O que isso tem a ver com Švejk? O bom soldado jogou um nível superior, um meta-jogo ainda não formalizado pela teoria acadêmica. Concordando por padrão, Švejk eliminou a variação de seu comportamento. O austríaco Apparat nunca poderia imaginá -lo porque seu comportamento era previsível demais. O comportamento perfeitamente previsível não pode ser diagnóstico da pessoa. Se você quer enganar alguém contando um monte de mentiras ou uma mistura aleatória de laços e verdades (ex.

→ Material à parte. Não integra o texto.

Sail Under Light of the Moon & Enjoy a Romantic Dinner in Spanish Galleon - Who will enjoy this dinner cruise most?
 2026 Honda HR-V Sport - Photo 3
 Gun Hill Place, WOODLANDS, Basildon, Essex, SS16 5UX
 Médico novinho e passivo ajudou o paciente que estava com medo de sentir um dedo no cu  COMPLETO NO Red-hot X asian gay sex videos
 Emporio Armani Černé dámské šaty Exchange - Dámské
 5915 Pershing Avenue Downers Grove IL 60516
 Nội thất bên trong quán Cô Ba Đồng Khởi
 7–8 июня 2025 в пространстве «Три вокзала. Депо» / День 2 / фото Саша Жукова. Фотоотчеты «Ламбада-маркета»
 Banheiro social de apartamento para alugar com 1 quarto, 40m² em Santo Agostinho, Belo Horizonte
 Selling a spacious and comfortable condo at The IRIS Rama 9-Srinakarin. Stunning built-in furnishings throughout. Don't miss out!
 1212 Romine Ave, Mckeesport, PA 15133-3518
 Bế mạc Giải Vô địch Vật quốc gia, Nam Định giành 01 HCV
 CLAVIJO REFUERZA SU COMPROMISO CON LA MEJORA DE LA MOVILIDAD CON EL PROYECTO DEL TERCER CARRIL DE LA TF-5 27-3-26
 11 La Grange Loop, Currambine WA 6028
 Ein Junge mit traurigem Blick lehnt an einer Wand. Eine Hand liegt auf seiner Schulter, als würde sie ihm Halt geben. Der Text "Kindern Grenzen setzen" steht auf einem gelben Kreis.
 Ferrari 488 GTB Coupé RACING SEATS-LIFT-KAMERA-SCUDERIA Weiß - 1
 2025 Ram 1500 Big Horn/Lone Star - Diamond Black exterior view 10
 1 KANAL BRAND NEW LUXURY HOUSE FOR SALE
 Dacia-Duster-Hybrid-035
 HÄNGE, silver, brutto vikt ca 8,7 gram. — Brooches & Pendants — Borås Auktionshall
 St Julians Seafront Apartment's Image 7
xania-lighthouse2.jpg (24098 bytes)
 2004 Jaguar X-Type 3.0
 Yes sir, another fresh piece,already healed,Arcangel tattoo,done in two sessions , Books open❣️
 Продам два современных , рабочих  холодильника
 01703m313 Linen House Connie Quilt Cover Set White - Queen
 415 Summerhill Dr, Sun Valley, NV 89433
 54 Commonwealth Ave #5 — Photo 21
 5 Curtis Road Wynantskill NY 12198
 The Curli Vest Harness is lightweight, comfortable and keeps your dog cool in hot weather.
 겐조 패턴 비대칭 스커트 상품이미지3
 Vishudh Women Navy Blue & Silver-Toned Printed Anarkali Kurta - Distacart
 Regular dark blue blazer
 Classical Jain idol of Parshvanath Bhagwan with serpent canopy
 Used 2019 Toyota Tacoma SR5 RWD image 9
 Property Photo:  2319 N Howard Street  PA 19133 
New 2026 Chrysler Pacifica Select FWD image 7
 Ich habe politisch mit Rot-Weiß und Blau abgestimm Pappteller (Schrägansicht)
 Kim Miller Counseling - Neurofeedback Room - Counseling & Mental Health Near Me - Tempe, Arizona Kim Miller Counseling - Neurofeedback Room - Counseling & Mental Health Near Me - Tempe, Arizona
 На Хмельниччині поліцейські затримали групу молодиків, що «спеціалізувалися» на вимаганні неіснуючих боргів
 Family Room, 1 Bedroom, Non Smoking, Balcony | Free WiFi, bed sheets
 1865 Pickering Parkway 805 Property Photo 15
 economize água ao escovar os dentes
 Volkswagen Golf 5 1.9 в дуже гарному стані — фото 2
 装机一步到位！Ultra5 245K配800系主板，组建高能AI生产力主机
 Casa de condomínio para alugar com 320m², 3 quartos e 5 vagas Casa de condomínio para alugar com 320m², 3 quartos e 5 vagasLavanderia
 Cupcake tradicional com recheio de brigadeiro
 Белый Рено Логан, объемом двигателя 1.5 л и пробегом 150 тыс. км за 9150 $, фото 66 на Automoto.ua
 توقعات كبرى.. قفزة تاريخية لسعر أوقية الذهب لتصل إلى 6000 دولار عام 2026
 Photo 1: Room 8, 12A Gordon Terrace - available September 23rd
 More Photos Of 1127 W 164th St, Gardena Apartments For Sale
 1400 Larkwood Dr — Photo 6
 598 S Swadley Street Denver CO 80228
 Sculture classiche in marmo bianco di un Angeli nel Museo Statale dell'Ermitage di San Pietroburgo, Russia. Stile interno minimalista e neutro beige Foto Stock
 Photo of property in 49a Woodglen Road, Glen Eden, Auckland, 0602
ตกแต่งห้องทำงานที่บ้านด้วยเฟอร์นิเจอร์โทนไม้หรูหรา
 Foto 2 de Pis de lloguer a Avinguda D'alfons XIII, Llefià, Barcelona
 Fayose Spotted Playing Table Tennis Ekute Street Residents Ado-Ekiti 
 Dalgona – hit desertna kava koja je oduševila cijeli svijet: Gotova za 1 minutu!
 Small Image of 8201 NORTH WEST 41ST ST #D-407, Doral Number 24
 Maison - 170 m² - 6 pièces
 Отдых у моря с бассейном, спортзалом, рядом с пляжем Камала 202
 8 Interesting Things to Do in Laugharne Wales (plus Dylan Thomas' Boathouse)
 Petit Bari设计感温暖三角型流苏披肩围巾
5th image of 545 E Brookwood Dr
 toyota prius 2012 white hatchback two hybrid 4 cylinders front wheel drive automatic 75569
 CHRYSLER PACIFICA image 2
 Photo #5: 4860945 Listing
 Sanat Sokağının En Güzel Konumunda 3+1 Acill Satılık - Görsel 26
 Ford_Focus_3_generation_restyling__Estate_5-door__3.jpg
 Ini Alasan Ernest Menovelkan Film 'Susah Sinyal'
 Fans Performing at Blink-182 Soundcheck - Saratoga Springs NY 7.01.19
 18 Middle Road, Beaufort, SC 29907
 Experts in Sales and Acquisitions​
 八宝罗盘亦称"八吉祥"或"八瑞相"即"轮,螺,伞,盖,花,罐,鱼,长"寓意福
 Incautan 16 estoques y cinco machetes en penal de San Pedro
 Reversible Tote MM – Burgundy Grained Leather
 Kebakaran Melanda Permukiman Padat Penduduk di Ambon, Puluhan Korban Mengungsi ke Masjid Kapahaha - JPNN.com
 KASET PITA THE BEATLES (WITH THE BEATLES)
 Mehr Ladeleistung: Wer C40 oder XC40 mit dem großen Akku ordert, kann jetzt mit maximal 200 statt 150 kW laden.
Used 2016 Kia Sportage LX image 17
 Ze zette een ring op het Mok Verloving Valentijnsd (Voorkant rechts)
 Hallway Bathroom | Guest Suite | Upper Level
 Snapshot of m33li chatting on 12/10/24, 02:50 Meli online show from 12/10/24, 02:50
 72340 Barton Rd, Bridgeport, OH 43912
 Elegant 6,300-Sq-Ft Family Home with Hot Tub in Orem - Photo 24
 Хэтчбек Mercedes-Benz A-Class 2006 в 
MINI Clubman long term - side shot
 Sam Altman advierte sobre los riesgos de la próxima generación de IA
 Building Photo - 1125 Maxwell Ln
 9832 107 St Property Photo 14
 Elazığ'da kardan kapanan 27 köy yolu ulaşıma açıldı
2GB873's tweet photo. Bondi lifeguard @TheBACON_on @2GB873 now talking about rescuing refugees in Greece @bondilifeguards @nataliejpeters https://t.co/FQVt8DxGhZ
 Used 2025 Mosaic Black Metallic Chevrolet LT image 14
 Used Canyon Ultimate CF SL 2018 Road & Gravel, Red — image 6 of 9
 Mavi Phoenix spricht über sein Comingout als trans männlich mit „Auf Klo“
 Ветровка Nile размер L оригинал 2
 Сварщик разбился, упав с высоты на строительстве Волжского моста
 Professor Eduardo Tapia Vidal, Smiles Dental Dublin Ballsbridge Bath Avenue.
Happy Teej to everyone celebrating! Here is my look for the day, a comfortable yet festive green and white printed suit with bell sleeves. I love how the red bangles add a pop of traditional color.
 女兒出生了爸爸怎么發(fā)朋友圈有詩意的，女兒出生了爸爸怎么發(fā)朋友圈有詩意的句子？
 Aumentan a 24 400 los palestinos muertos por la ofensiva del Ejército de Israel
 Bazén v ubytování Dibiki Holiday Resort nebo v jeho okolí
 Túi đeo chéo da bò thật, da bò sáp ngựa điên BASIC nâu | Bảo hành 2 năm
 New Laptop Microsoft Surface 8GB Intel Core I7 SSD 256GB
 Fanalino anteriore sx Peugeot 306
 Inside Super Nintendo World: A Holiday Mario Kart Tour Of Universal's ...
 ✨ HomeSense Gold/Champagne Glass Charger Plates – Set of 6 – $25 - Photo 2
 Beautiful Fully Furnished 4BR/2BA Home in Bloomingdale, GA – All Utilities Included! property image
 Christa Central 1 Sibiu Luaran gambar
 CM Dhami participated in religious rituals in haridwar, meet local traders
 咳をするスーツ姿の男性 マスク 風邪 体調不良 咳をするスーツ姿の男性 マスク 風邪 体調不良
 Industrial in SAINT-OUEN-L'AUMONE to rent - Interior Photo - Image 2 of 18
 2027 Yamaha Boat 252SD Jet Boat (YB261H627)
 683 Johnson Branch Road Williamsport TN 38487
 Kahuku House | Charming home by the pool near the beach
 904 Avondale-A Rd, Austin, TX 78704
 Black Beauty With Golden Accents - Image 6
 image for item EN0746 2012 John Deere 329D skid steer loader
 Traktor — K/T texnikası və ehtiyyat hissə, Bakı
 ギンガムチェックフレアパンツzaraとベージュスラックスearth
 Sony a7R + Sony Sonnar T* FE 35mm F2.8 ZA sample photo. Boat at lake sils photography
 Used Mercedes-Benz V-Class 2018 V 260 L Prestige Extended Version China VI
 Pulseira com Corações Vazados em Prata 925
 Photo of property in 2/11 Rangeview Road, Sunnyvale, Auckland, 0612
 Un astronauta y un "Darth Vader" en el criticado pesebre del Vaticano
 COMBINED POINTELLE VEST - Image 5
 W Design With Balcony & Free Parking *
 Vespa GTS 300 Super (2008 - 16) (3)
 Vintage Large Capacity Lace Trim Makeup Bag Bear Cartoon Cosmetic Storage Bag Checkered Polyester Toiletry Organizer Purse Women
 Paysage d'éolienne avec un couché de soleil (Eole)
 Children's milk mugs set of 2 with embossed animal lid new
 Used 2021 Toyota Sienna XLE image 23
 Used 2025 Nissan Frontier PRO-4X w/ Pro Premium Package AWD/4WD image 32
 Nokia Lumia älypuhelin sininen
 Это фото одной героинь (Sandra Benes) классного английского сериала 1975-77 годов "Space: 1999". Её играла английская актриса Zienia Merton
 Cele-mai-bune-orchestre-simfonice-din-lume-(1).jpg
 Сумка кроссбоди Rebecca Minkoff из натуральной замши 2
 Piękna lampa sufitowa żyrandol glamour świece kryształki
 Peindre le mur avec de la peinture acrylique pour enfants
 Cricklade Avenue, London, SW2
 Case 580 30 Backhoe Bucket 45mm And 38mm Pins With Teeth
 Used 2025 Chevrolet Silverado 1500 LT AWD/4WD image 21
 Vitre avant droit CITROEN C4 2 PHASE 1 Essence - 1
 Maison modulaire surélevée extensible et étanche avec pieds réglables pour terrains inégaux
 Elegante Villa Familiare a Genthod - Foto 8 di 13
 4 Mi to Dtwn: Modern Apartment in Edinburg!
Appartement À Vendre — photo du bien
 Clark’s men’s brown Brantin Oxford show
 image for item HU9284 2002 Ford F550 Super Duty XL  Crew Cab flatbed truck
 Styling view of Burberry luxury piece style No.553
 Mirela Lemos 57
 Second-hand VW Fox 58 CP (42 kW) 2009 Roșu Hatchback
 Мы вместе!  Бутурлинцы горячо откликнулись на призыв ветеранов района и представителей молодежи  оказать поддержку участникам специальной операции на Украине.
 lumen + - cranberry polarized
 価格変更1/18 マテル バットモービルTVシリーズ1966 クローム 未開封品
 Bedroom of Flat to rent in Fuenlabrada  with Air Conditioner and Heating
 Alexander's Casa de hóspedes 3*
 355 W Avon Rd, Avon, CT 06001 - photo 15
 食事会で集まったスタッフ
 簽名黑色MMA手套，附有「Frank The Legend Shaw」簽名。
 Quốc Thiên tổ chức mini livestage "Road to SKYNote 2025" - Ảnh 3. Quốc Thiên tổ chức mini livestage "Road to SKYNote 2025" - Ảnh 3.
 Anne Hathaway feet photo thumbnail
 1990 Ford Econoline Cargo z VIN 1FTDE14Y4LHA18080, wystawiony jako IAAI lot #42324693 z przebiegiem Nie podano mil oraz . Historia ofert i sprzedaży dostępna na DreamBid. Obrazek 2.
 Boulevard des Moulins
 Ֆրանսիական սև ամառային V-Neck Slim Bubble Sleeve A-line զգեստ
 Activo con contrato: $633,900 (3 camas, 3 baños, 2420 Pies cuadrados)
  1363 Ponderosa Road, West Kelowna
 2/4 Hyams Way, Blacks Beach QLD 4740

Besteira, Frankfurt, 2005), e você acha que essa pessoa invariavelmente concorda, é como se nunca tivesse dito nada a ele.

A propósito, parece-me que Švejk não passaria no teste de Turing.

Brams, SJ (1994). Teoria dos movimentos . Nova York, NY: Cambridge University Press.

Frankfurt, HG (2005). Na besteira . Princeton, NJ: Princeton University Press.